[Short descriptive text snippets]
------------------------------------------------
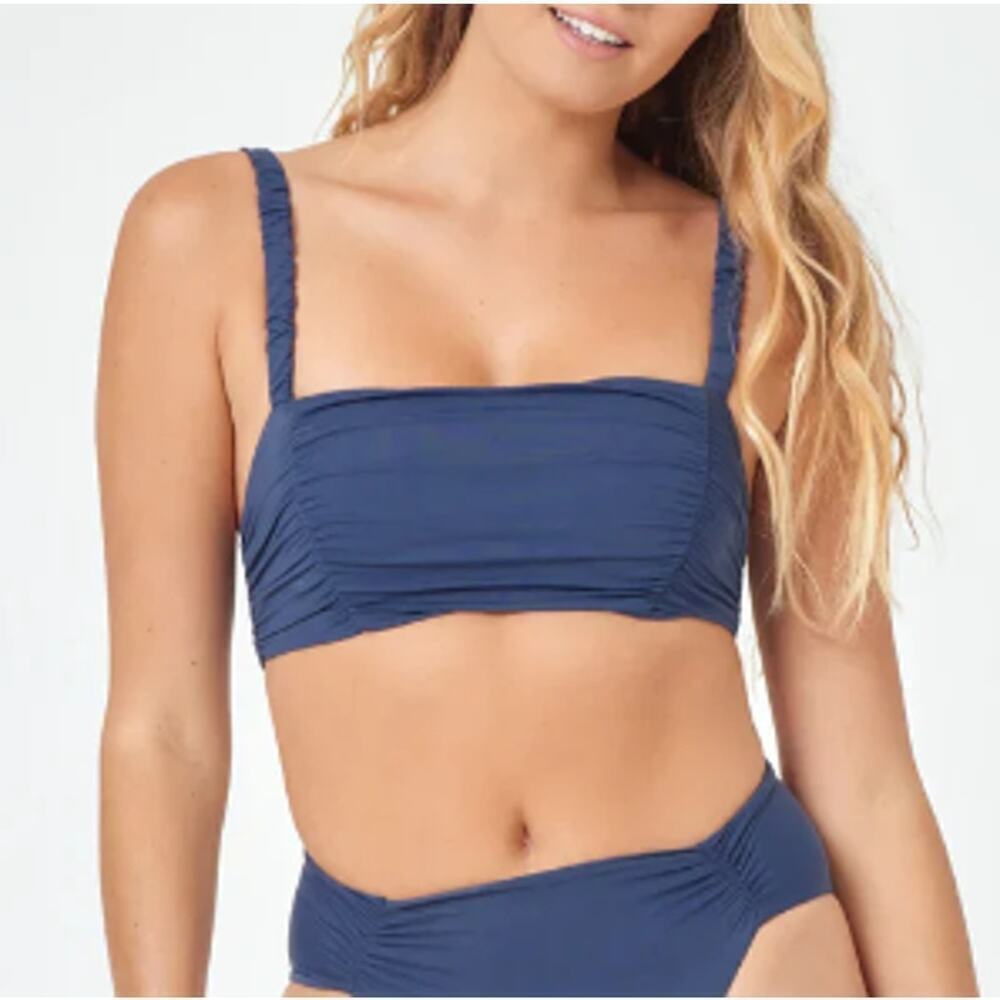 L*Space Joanna Bikini Top DD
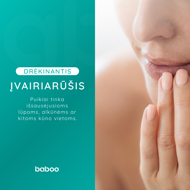 BABOO, lanolino spenelių kremas, 35 ml paveikslėlis
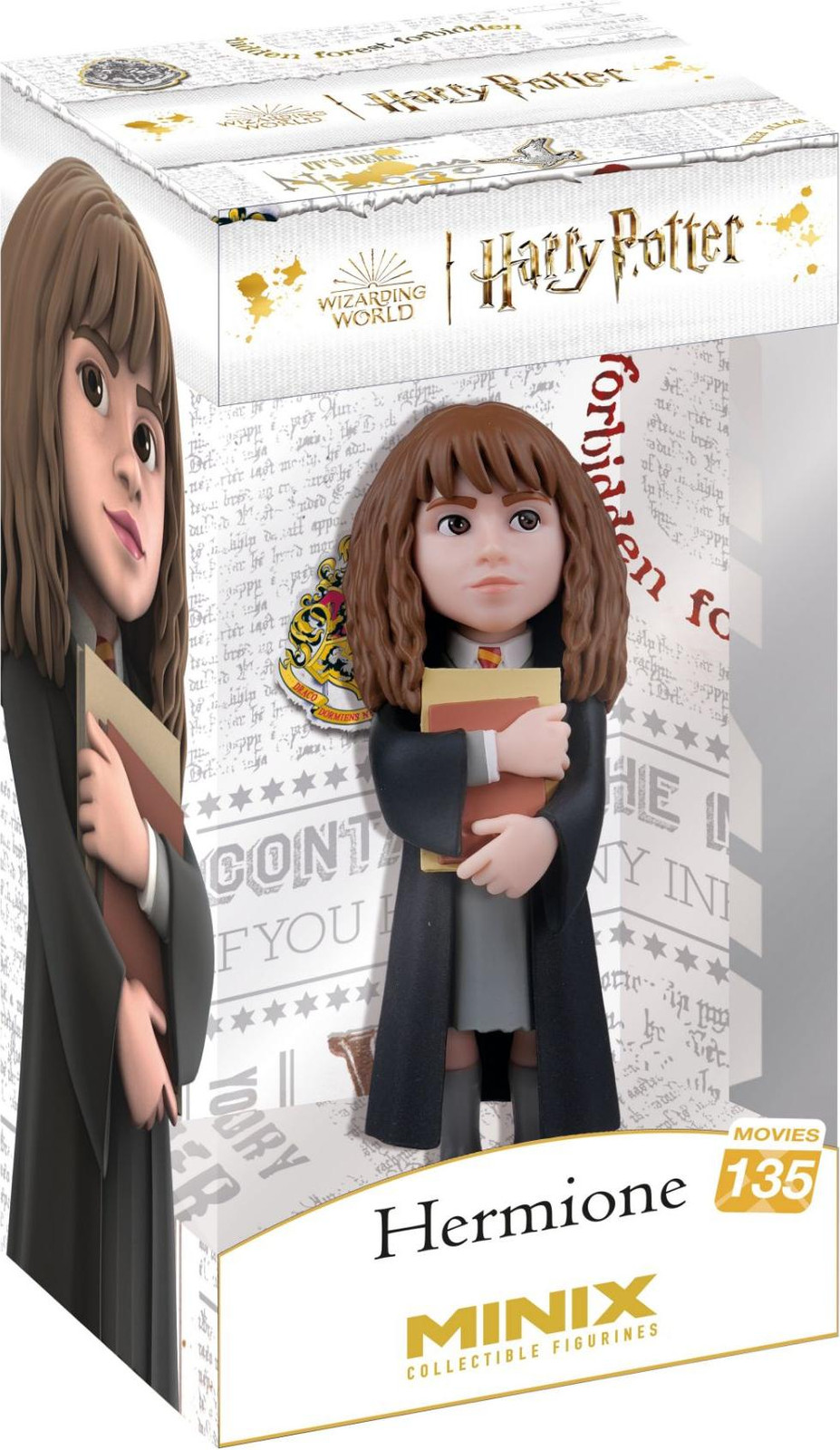 Minix Harry Potter Hermione Granger knuffel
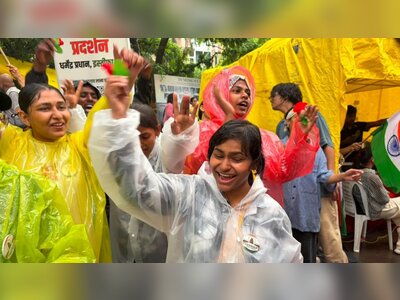 Police Block Cockroach Janta Party’s March to Parliament as Education Protests Intensify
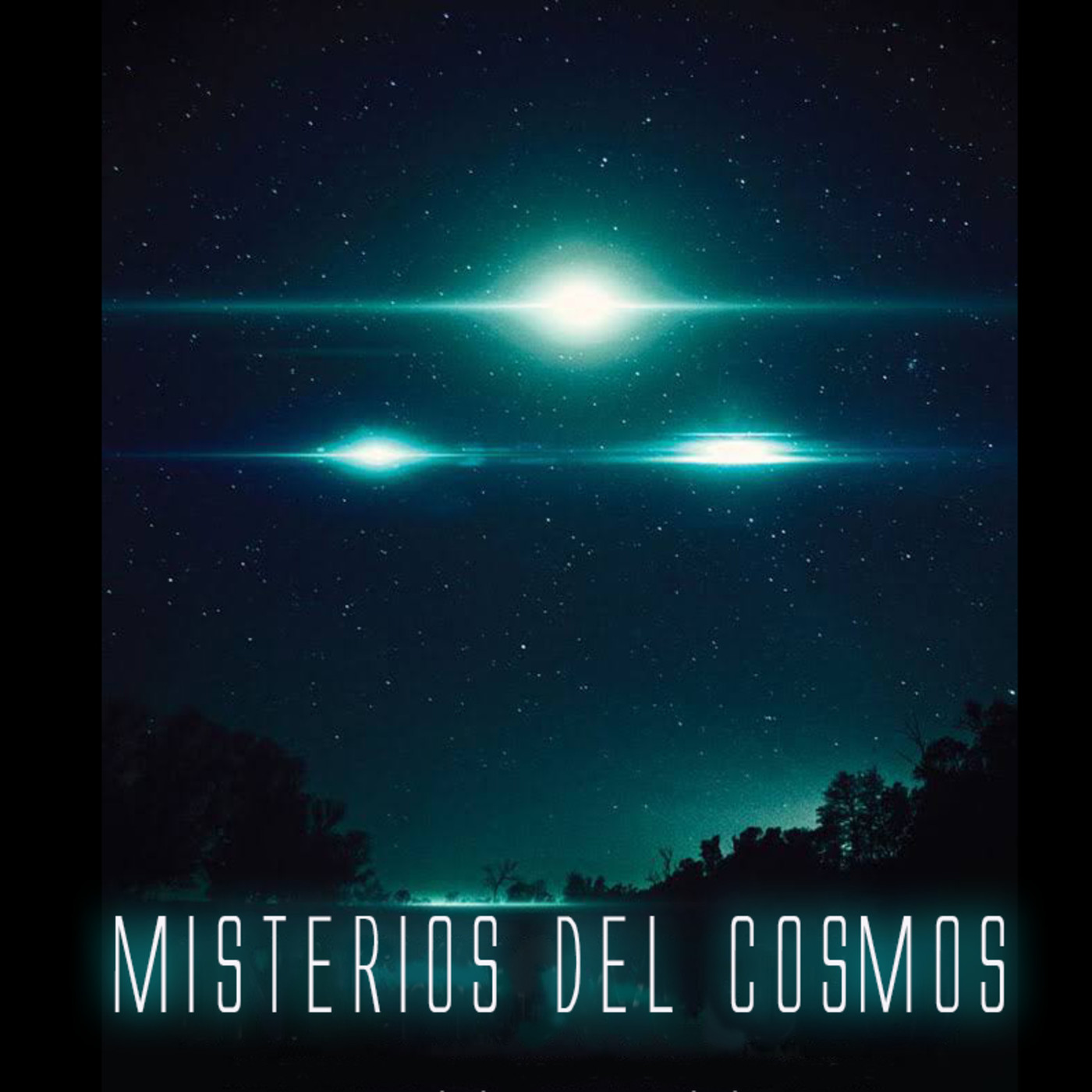 Podcast Misterios del Cosmos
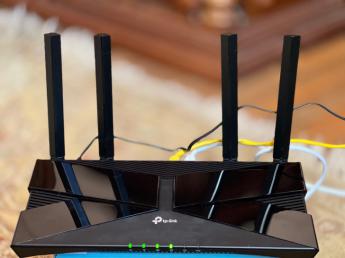 Prueba del Router Archer AX20 y el extensor RE505X, de TP-Link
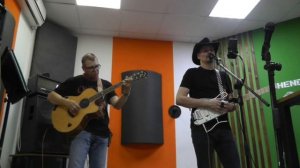 Down Under (Man at Works) / standing version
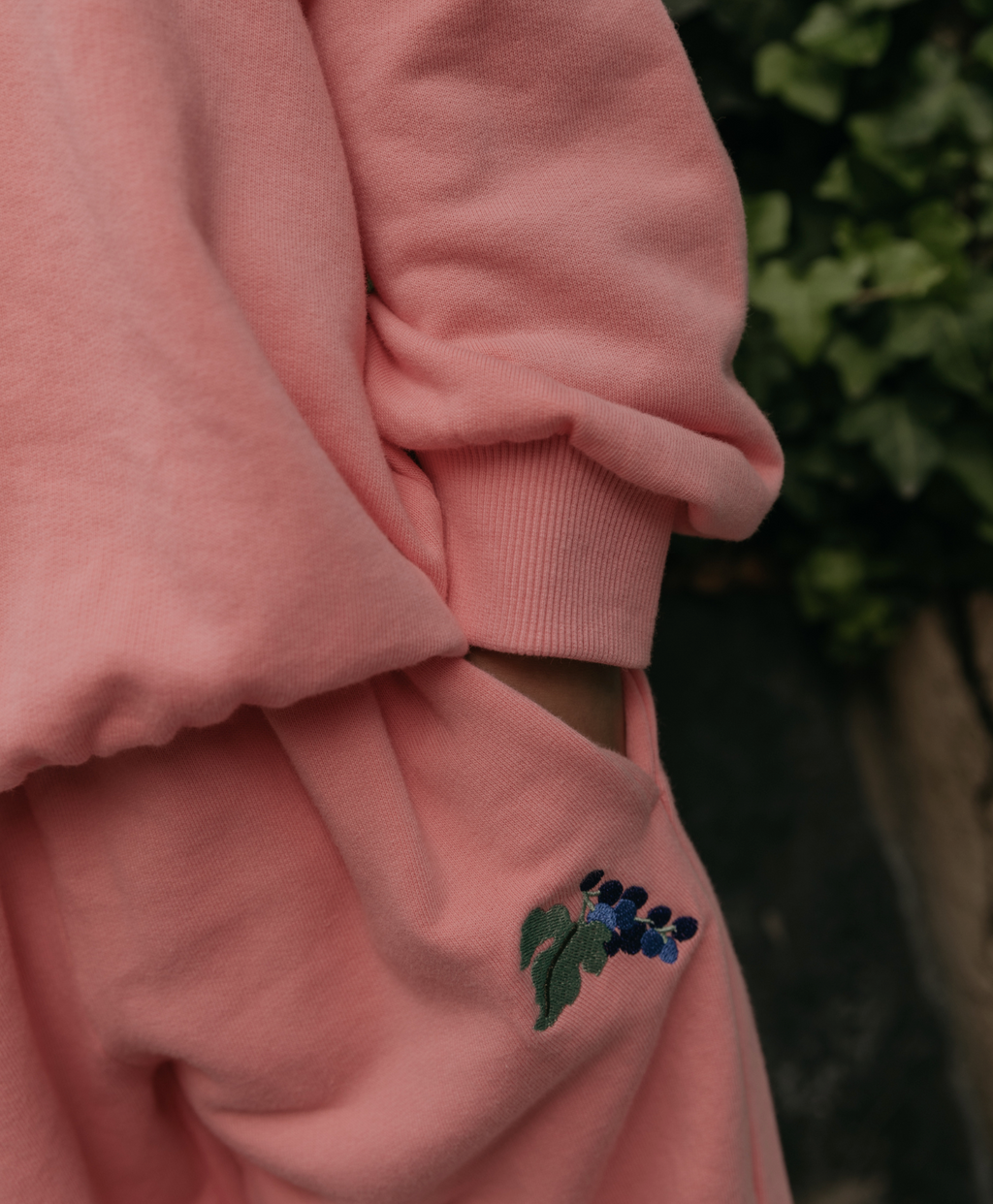 Grape Sweatpants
------------------------------------------------
- [INSTRUCTIONS FOR THE TASK]:
Leave out the pictures and return the rest of the records exactly.

- [TASK ANSWER]:
 L*Space Joanna Bikini Top DD
 BABOO, lanolino spenelių kremas, 35 ml paveikslėlis
 Minix Harry Potter Hermione Granger knuffel
 Police Block Cockroach Janta Party’s March to Parliament as Education Protests Intensify
 Podcast Misterios del Cosmos
 Prueba del Router Archer AX20 y el extensor RE505X, de TP-Link
 Down Under (Man at Works) / standing version
 Grape Sweatpants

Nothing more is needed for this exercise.